In the 43 paintings presented in Wageeh Wahba’s latest exhibition, which opened last Sunday at the Ebdaa Gallery in Zamalek, the artist uses bold colors to create a sense of emotion.
The paintings in Wahba’s recent exhibition represent Wahba’s work over the last three and a half years. “Since I started this series of paintings I have been obsessed with the significance of the word ‘trio,’ a concept rich in sub-meanings the scope of which exceeds the field of music to address physical and non-physical aspects,” says the painter of his recent work.
There is something that feels temporary about Wahba’s work. The human shapes are roughly sketched. The bodies look as though they are hidden behind a thin curtain of smoke, giving the paintings an eerie effect despite their bright colors.

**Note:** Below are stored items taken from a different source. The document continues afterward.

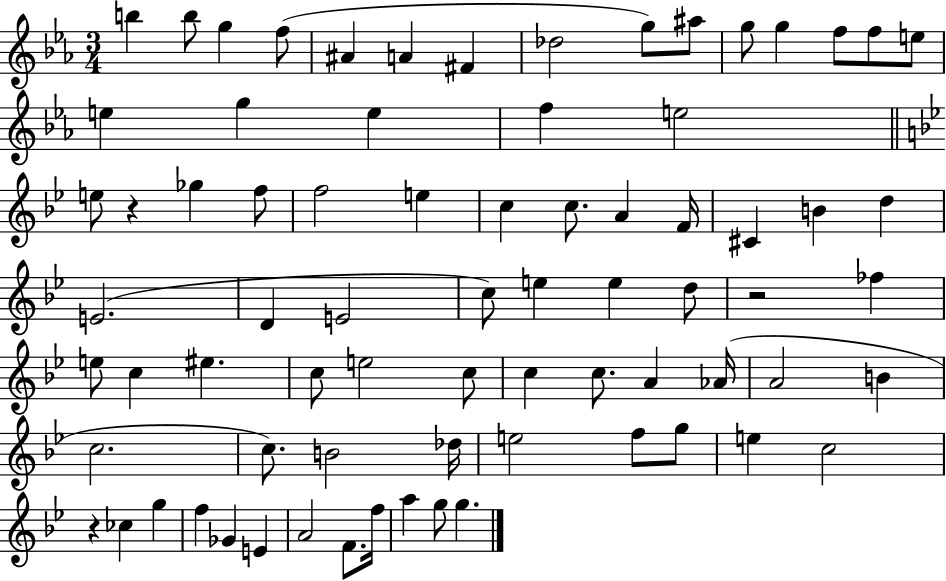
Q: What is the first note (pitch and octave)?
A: B5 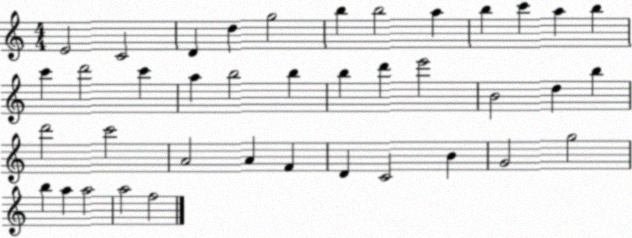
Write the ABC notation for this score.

X:1
T:Untitled
M:4/4
L:1/4
K:C
E2 C2 D d g2 b b2 a b c' a b c' d'2 c' a b2 b b d' e'2 B2 d b d'2 c'2 A2 A F D C2 B G2 g2 b a a2 a2 f2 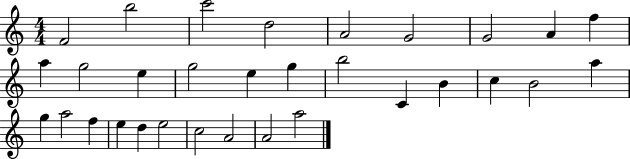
X:1
T:Untitled
M:4/4
L:1/4
K:C
F2 b2 c'2 d2 A2 G2 G2 A f a g2 e g2 e g b2 C B c B2 a g a2 f e d e2 c2 A2 A2 a2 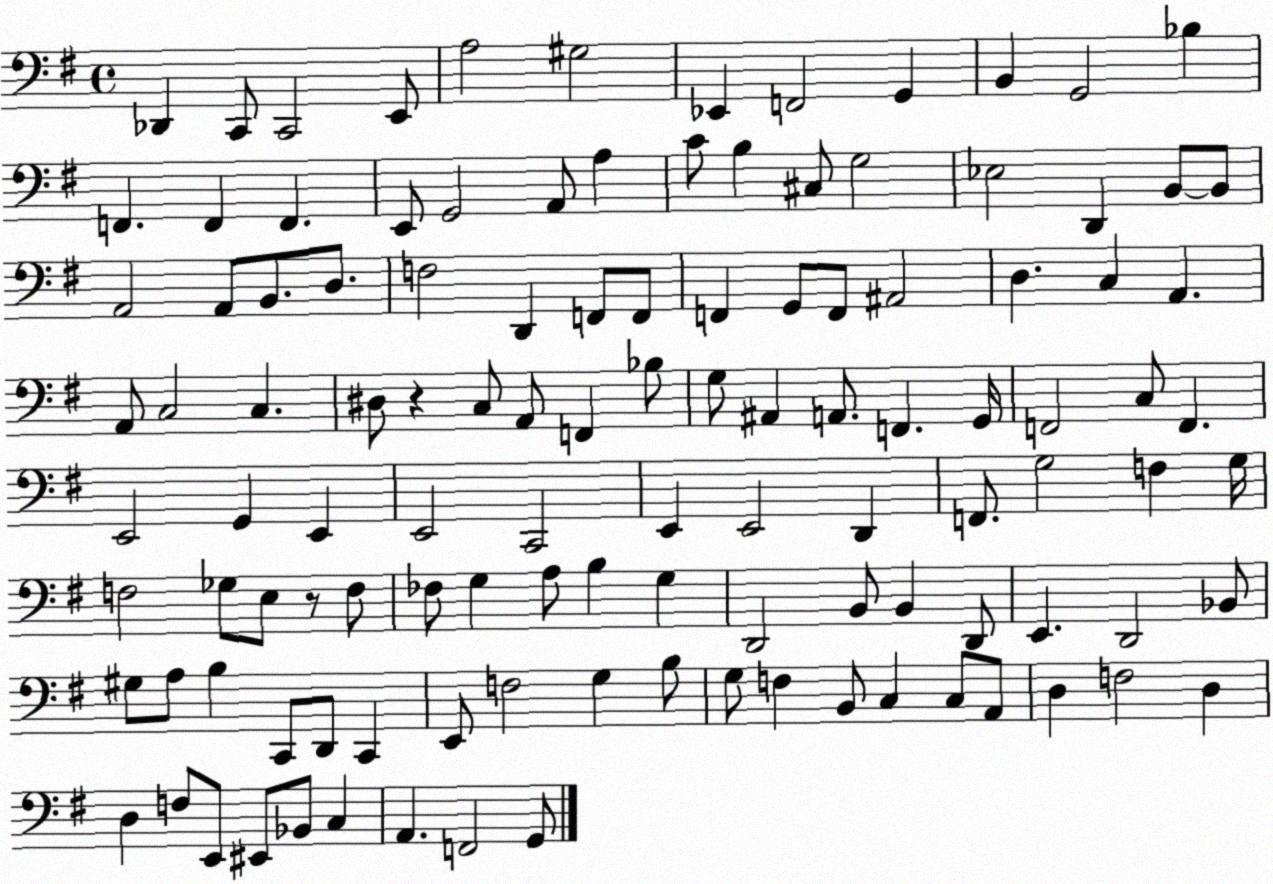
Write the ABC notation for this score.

X:1
T:Untitled
M:4/4
L:1/4
K:G
_D,, C,,/2 C,,2 E,,/2 A,2 ^G,2 _E,, F,,2 G,, B,, G,,2 _B, F,, F,, F,, E,,/2 G,,2 A,,/2 A, C/2 B, ^C,/2 G,2 _E,2 D,, B,,/2 B,,/2 A,,2 A,,/2 B,,/2 D,/2 F,2 D,, F,,/2 F,,/2 F,, G,,/2 F,,/2 ^A,,2 D, C, A,, A,,/2 C,2 C, ^D,/2 z C,/2 A,,/2 F,, _B,/2 G,/2 ^A,, A,,/2 F,, G,,/4 F,,2 C,/2 F,, E,,2 G,, E,, E,,2 C,,2 E,, E,,2 D,, F,,/2 G,2 F, G,/4 F,2 _G,/2 E,/2 z/2 F,/2 _F,/2 G, A,/2 B, G, D,,2 B,,/2 B,, D,,/2 E,, D,,2 _B,,/2 ^G,/2 A,/2 B, C,,/2 D,,/2 C,, E,,/2 F,2 G, B,/2 G,/2 F, B,,/2 C, C,/2 A,,/2 D, F,2 D, D, F,/2 E,,/2 ^E,,/2 _B,,/2 C, A,, F,,2 G,,/2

Spirits float along the canvas, sometimes obvious to the eye, other times subtly camouflaged. The space between two figures in a painting can sometimes reveal a woman’s face in two of three elegant lines. These human shapes have a graceful fragility, an aspect of weightless, like a flickering flame.
Brushstrokes of fuchsia, yellow and green share the canvas as two-dimensional, distorted forms blend into a pastel landscape. “Even though the human figures are the focal point of my paintings, they are always set in a landscape that constitutes the emotional continuity of theses characters,” Wahba says, pointing to the similarity in color between human shapes and nature.

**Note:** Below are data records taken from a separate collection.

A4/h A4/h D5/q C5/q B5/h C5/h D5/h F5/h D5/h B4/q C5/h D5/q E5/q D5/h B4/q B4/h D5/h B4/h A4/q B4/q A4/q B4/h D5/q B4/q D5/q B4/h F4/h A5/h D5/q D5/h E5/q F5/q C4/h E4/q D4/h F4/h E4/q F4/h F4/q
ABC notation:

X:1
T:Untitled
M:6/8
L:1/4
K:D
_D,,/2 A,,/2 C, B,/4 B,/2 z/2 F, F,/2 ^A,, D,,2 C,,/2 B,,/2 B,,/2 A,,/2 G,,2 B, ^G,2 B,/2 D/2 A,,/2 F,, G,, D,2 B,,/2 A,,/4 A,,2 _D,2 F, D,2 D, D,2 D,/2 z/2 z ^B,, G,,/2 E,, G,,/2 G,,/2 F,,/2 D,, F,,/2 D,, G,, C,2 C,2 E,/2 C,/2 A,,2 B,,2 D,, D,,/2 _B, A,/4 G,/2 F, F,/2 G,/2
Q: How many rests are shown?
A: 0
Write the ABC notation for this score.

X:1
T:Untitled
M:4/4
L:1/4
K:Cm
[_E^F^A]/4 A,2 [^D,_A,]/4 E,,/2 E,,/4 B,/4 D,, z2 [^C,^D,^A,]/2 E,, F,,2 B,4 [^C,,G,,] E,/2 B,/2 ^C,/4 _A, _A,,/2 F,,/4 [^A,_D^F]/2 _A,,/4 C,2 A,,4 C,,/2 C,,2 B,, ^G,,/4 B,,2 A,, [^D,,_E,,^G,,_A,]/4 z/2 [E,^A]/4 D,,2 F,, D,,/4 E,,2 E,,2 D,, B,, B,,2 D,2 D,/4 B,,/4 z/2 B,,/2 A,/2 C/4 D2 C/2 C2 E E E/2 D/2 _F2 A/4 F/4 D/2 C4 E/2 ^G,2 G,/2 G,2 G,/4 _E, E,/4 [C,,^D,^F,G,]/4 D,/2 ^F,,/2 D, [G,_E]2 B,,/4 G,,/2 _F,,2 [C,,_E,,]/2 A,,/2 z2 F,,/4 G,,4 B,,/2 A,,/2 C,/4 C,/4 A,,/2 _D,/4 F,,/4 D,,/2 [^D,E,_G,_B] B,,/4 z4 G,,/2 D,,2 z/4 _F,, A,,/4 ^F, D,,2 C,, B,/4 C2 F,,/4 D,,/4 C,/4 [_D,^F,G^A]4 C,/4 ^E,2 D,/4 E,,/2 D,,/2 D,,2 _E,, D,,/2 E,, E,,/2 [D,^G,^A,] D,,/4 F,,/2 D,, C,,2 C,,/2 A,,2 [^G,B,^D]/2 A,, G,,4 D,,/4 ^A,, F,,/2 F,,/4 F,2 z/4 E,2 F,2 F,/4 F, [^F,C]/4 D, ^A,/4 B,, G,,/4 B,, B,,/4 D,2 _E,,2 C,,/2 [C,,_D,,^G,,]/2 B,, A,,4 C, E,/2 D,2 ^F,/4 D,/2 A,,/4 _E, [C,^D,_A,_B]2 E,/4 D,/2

Wahba uses various techniques in his paintings. “I use the colors in a transparent way, like aquarelle and mix it on some paintings with the density of acrylic,” he explains. Pastel is also recurrent in his work, underlining some shapes and creating complex patterns. “I like the feeling of the dry brush and the waxy aspect of the pastel,” he says.
Wahba describes himself as a member of the expressionist school, which focuses on complex psychological themes. “Along with the term expressionism comes the feeling of melancholy, that can be deciphered in my work in spite of the many touches of light that sparkle it,” he says, stressing that in his latest body of work he did not deliberately use brighter colours.
This latest statement did not seem obvious to visitors, who marvelled that Wahba’s recent work seemed more joyous than his older paintings. In one remote room of the gallery, Wahba exhibited a series of black and white paintings that exude a strong feeling of gravity and gloominess. The human shapes are minimal. A few angry brushstrokes in black acrylic create slender, lean bodies.
Two other paintings feature splashes of organic brown and dirty yellow. Deflated paint bubbles create a colony of round, empty shapes that sadly speckle the canvas, while the breathless movement of the brushstroke, fails to bring any energy back to the painting.
This work can be seen until 31 May at the Ebdaa Art Gallery.